Problem to work on:
Only lines containing the word "Christmas" are needed; pull them out of the material.

Available data:
• • •

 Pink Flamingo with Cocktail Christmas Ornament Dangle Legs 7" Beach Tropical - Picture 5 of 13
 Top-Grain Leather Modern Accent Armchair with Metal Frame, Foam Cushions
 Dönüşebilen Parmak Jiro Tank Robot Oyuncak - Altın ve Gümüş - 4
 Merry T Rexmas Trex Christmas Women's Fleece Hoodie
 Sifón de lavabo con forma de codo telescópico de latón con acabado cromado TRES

• • •

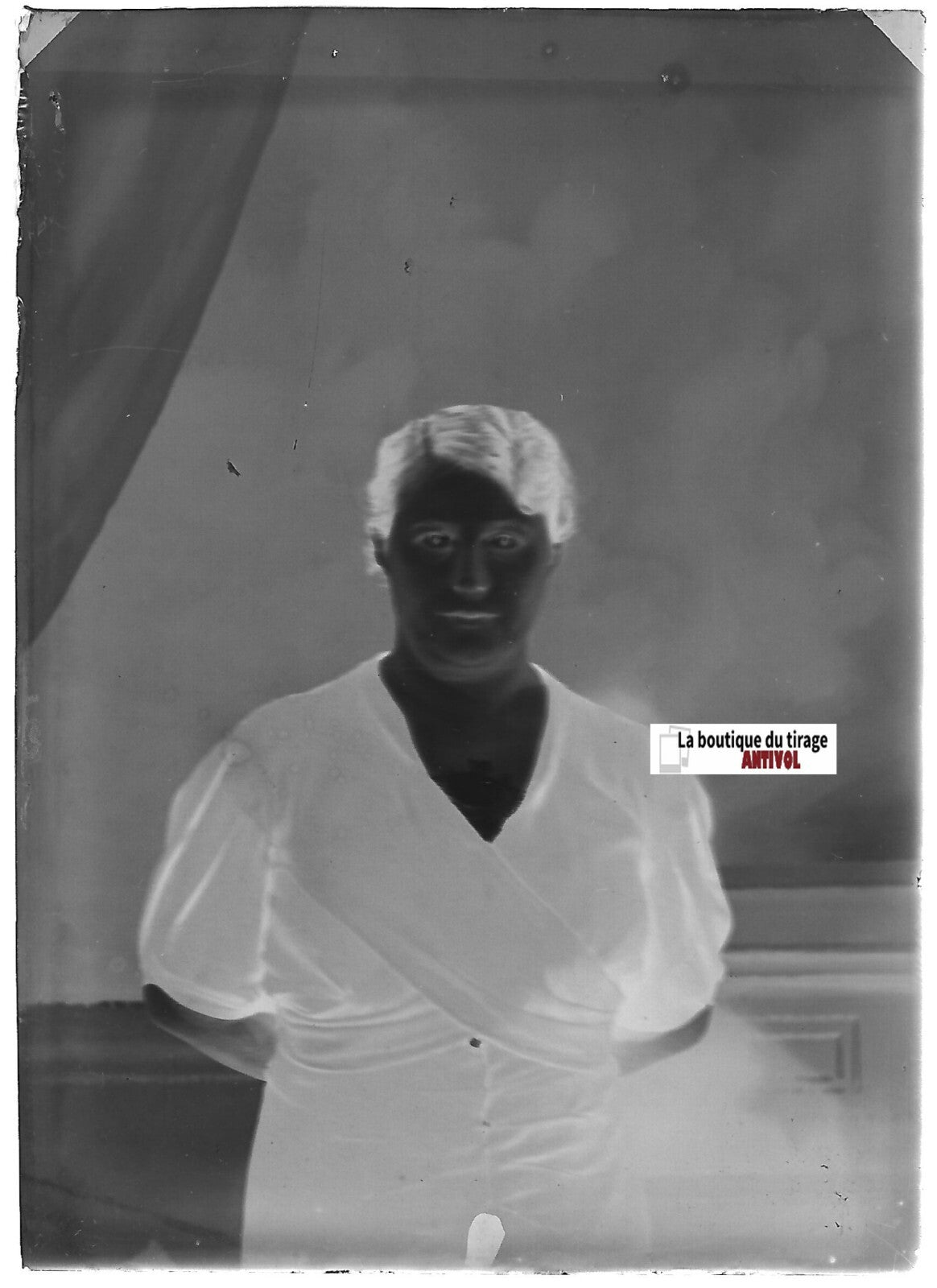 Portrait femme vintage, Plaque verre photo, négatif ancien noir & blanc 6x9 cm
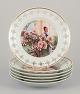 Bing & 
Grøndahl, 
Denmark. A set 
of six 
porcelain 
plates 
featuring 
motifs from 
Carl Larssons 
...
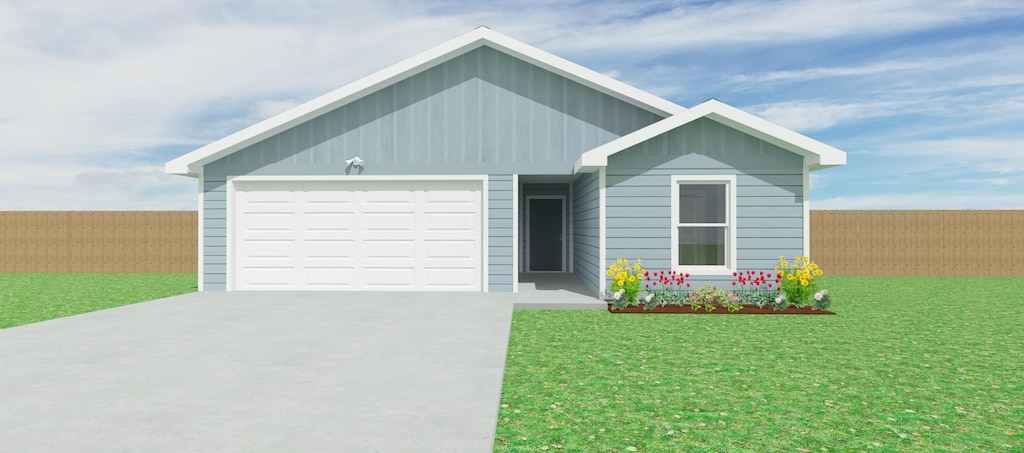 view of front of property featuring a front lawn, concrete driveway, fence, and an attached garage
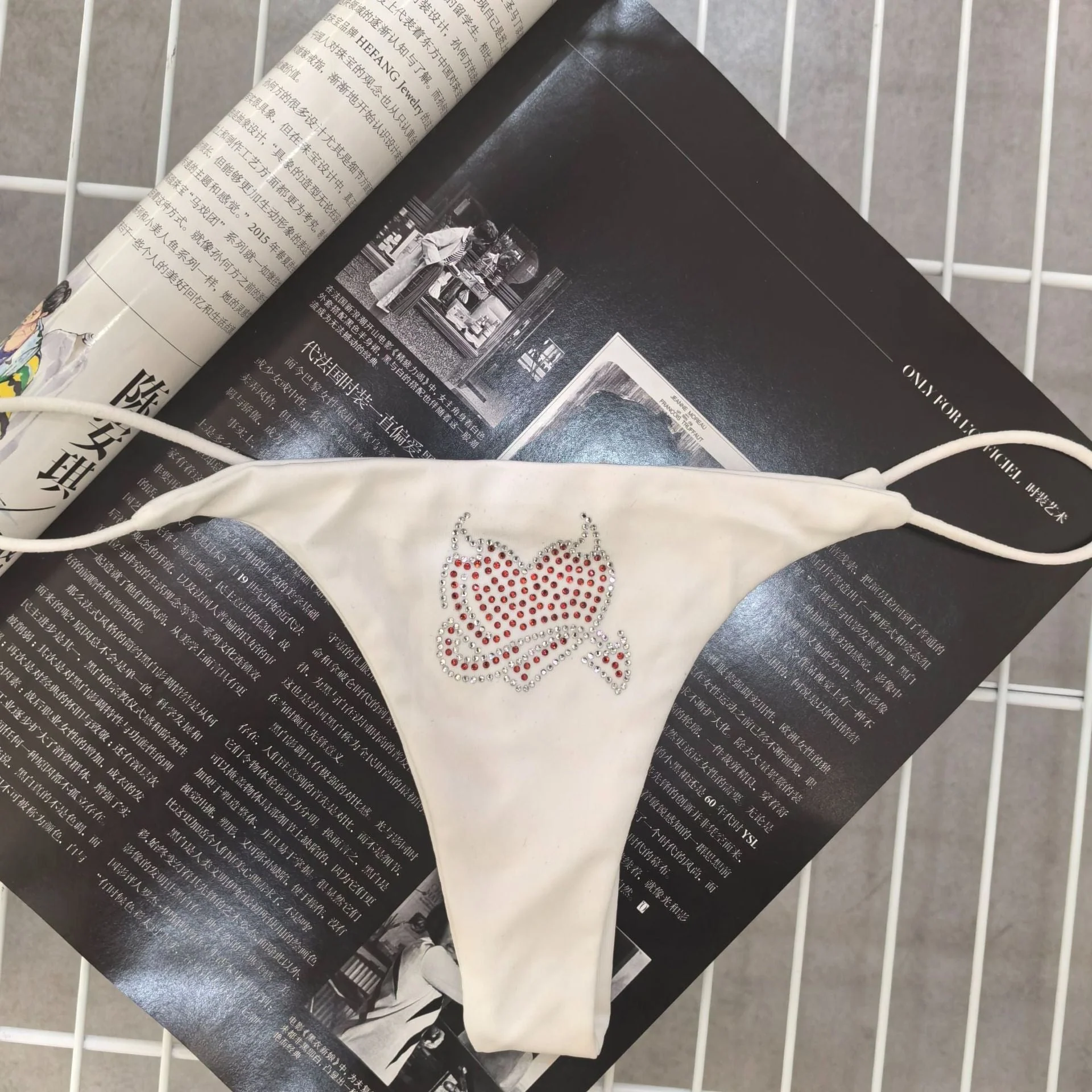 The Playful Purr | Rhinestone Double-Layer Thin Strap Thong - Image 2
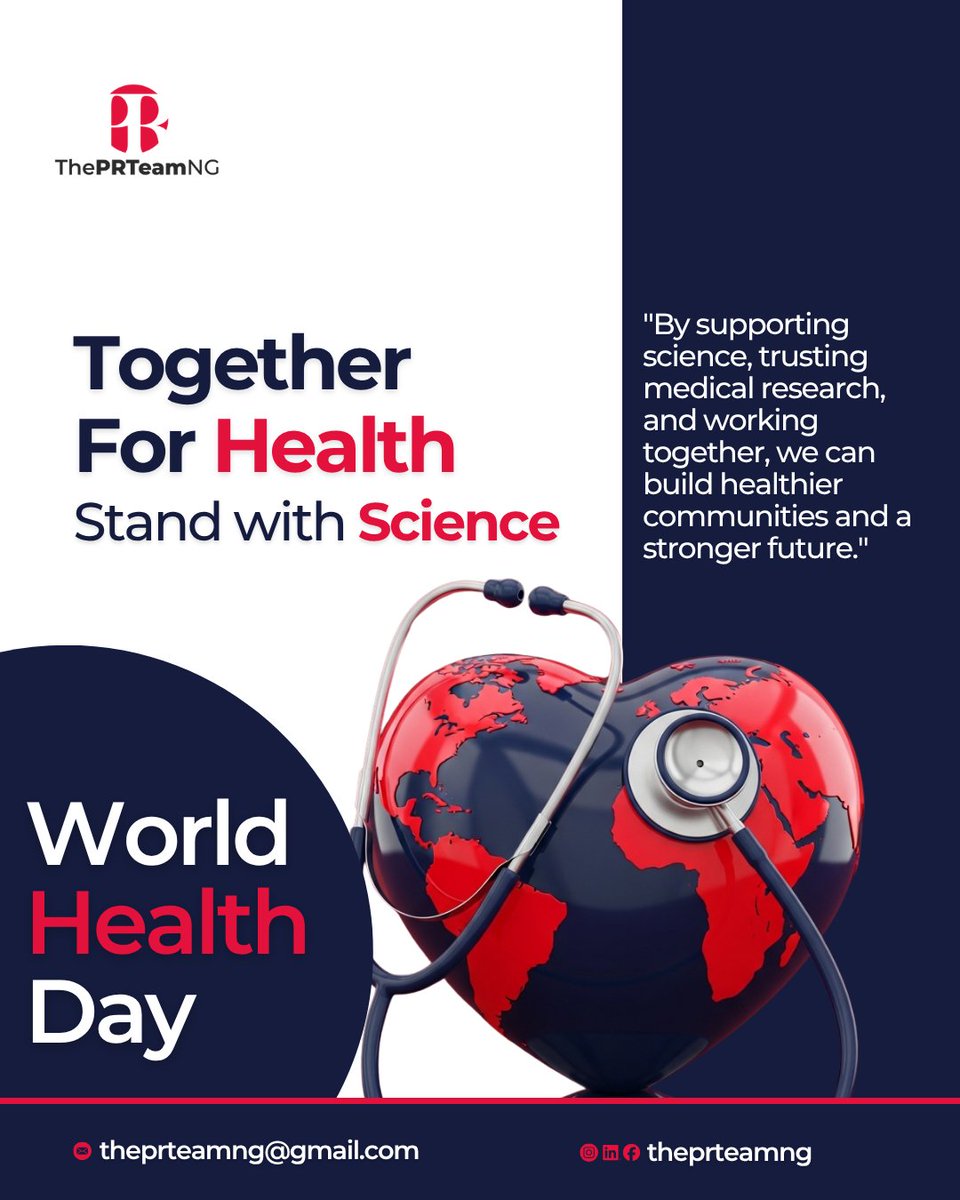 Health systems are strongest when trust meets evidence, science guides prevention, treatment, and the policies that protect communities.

• • •

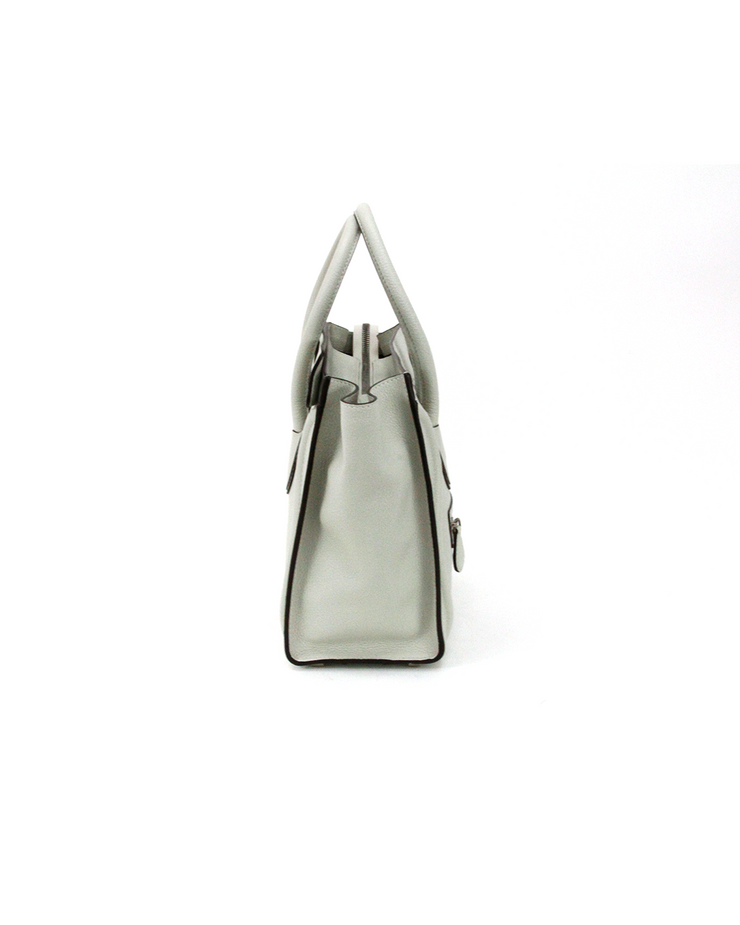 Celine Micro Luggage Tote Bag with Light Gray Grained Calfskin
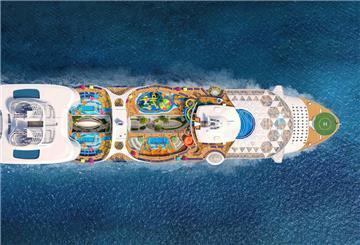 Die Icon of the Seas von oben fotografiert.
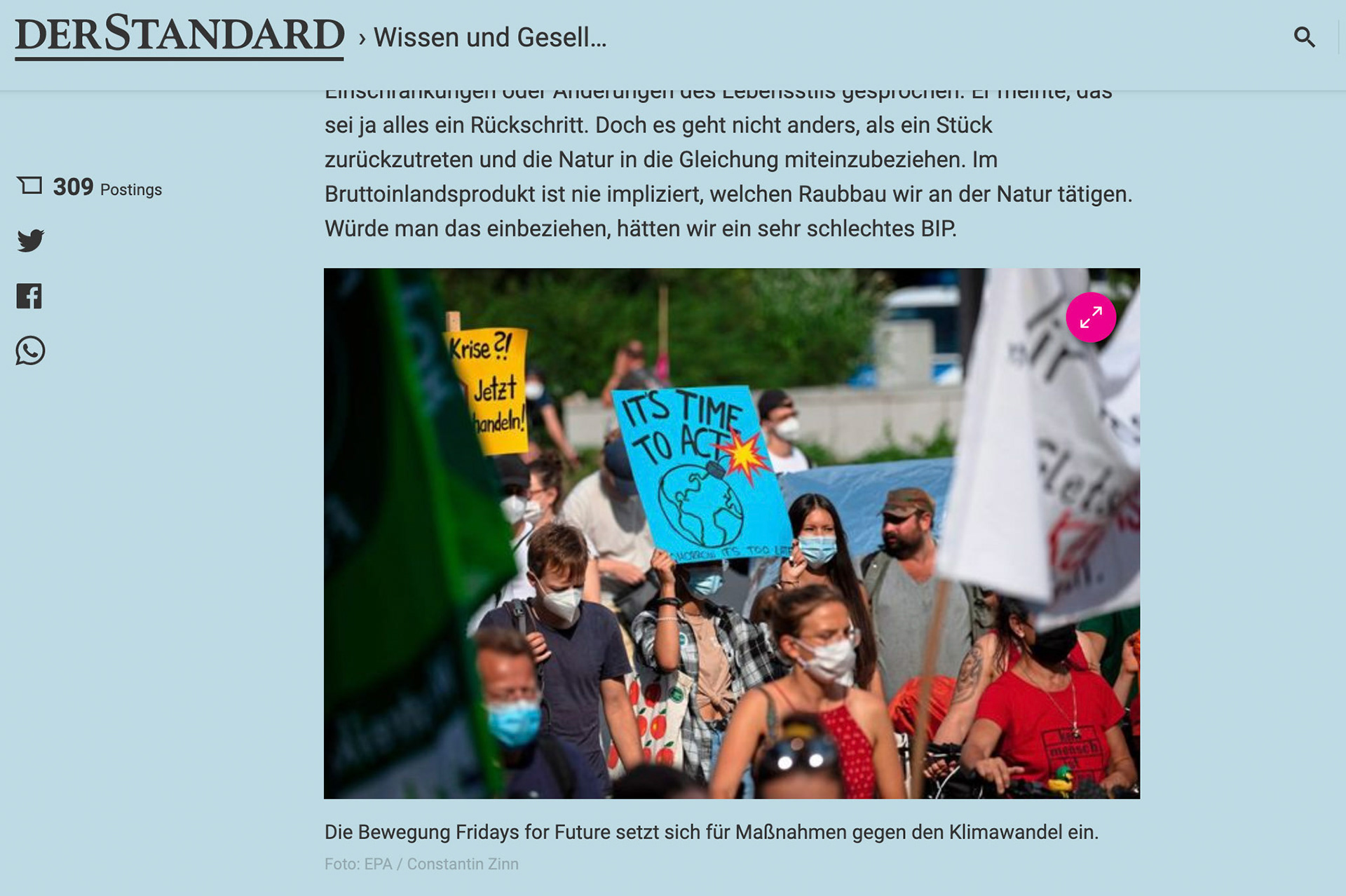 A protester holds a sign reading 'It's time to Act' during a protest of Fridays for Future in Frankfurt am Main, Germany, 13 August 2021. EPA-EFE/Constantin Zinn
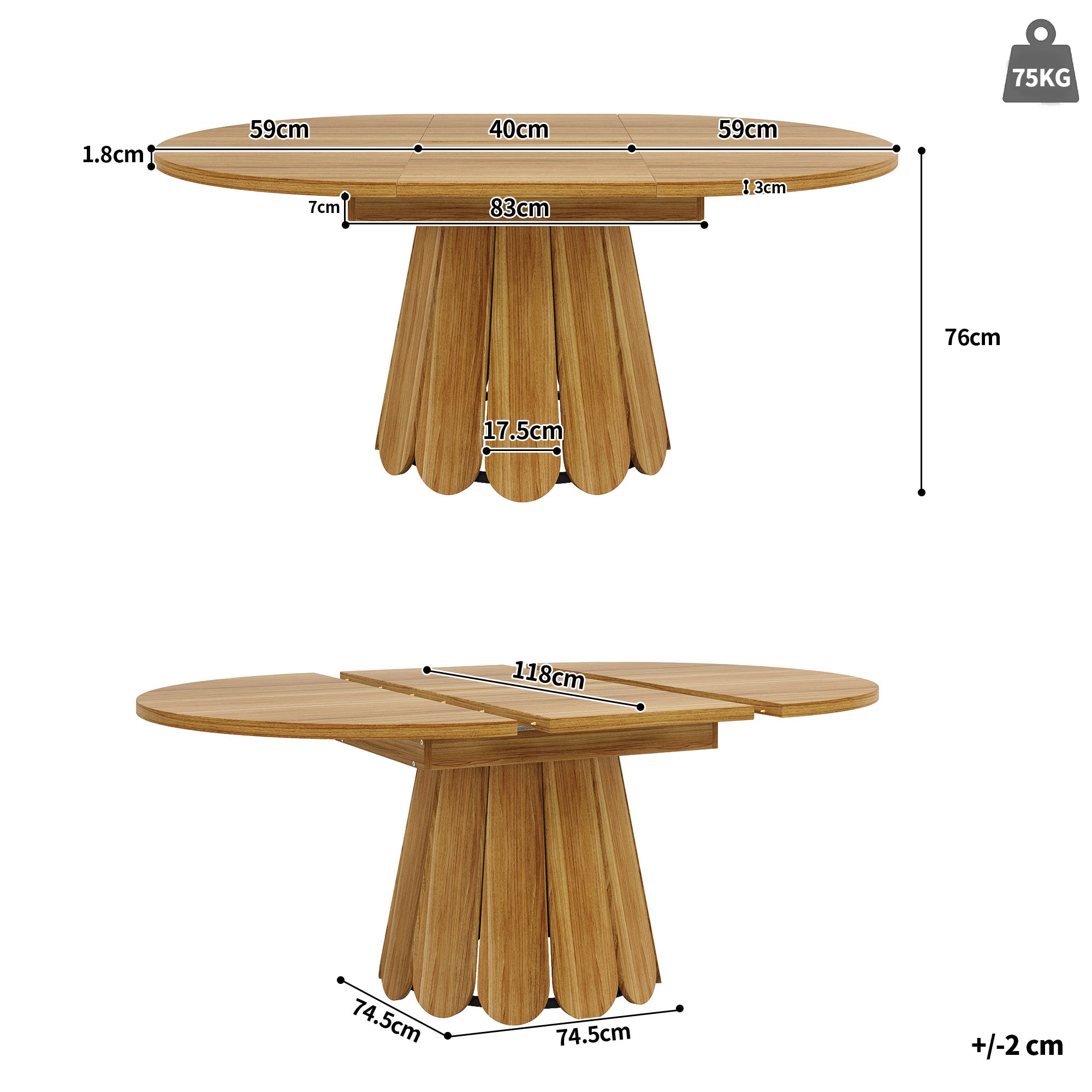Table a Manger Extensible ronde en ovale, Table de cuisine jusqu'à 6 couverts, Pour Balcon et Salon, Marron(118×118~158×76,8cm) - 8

• • •

Solved exercise:
 Pink Flamingo with Cocktail Christmas Ornament Dangle Legs 7" Beach Tropical - Picture 5 of 13
 Merry T Rexmas Trex Christmas Women's Fleece Hoodie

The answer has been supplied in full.